● Dataset extract:
»»

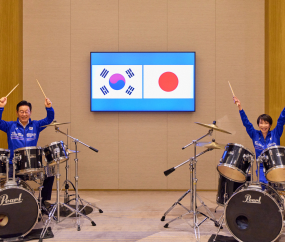 ‘골든·다이너마이트’ 케이팝으로 하나된 韓日 정상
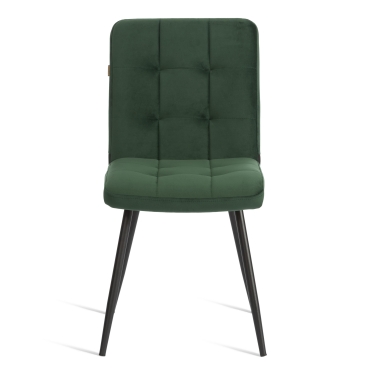 Стул обеденый Tetchair Medeo велюр, 47х56х89, Deep Forest изумруд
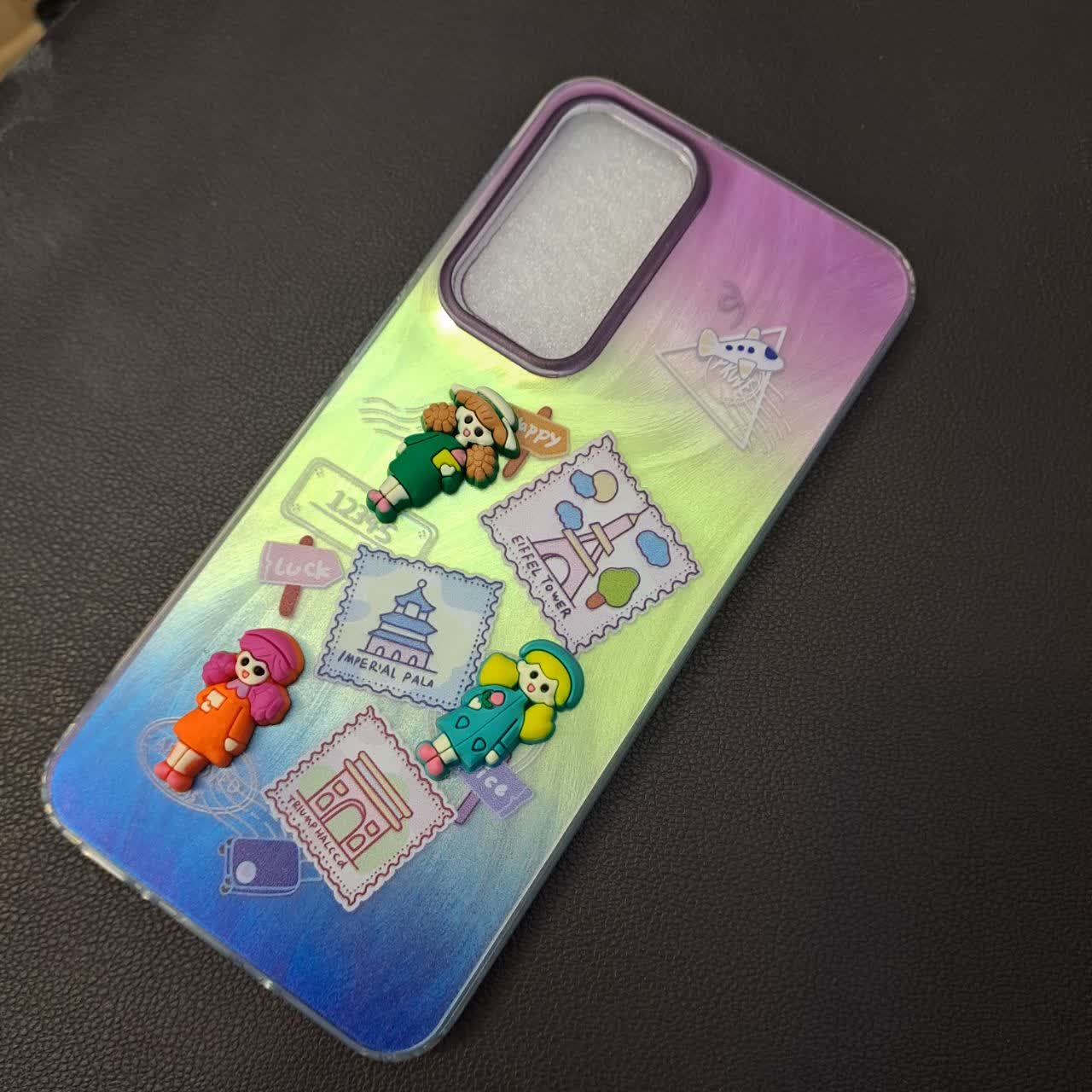  قاب سامسونگ A26 طرحدار عروسکی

««

● Work required: Print the data again word for word, pictures excluded.

● Reply:
 ‘골든·다이너마이트’ 케이팝으로 하나된 韓日 정상
 Стул обеденый Tetchair Medeo велюр, 47х56х89, Deep Forest изумруд
  قاب سامسونگ A26 طرحدار عروسکی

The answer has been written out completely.